O desconhecimento de nossos técnicos, o vazio de informações e também político foram pedras fundamentais para definir e construir o perfil do “Uruguai, país genuflexo”, que campeou na década de 80 nas mãos do terrorismo de Estado. Essa realidade contribuiu ativamente para gerar um novo ator na vida política do Estado, o tecnocrata. Na mentalidade tecnocrática, segundo Finz [3], racionalidade e “verdade” estão indissoluvelmente unidas, segundo um esquema reconhecido quase que universalmente entre o pensamento contemporâneo, no qual, além do mais, a racionalidade está fundamentada sobre elementos meramente quantitativos. Já não haveria espaço para os juízos de valor, isto é, para os juízos que, por sua própria natureza, não podem ser mensurados por elementos quantitativos.

Segundo Patrício Silva [4], “tecnocracia se refere à adaptação do expert às tarefas de governo, argumentando possuir uma posição científica. Dessa forma, os tecnocratas se justificam a si mesmos, fazendo um chamado ao expert técnico baseado nas formas científicas do conhecimento, argumentando que eles podem entregar soluções técnicas a problemas políticos. Baseado em um conceito similar, Meynaud sustenta que a diferença ente um técnico e um tecnocrata estaria determinada pelo nível da tomada de decisões do qual ele participa e do seu grau de influência entre os líderes políticos”.

Desse modo, em um mundo onde a informação é poder, e onde esta, além disso cresce vertiginosamente, os tomadores de decisões se tornam cada vez mais dependentes da consulta de especialistas ou consultores externos que lhes forneçam dados pré-digeridos e tabulados, prontos para a tomada de decisão. Apesar de sua tarefa se limitar tão somente à reciclagem de dados parciais gerados por terceiros, sua síntese se transforma afinal na formadora da opinião pública. Desse modo, sua presença e intervenção na gestão do Estado se torna indispensável para a condução de algumas políticas setoriais que exijam informação altamente especializada. O conflito surge quando a opinião o especialista ou consultor não é imparcial, como muitas vezes acontece. Sua ligação a grupos ou corporativismos setoriais certamente estará acima dos interesses coletivos ou até políticos partidários.

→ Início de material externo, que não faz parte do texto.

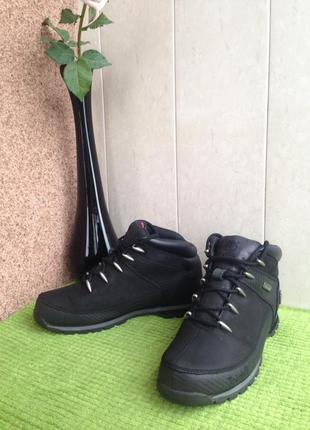 Ботинки повседневные  timberland  euro sprint hiker 6260a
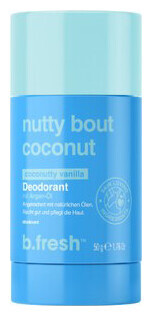 b.fresh nutty about coconut stick déodorant 50Gr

As campanhas publicitárias também não são alheias à consolidação de políticas setoriais, à medida que são as que facilitam a construção de consensos hegemônicos. Cabe somente lembrar aquela que acompanhou a imposição do Uruguai Florestal e que levou à confusão conceitual entre “floresta nativa” e “plantação de eucaliptos’, ou à idéia de lucros inestimáveis, como a daquele folheto dirigido a convencer avós a investir em plantações florestais para seus netos, de forma que estes tivessem amanhã a possibilidade de estudar na Universidade de Harvard.

Ainda quando os discursos pareciam tão opostos entre os sucessivos governos, houve uma continuidade da política florestal nacional acima de toda a ideologia partidária. Isso é o que chama mais a atenção. Estaremos a tempo de reflexionar e gerar um debate genuíno em torno dessas políticas?

[1] Membros da Comissão Multisetorial (covitradi@adinet.com.uy)

[2] sigla em inglês de Painel Intergovernamental para as Mudanças Climáticas

[3] Finzi, Cláudio, em Il Potere Tecnocrático, Bulzoni, Roma, 1977

[4]¨”Los tecnocratas y la politica en Chile: pasado y presente” publicado na Revista de Ciência Política, volume 26, nº 2, 2006.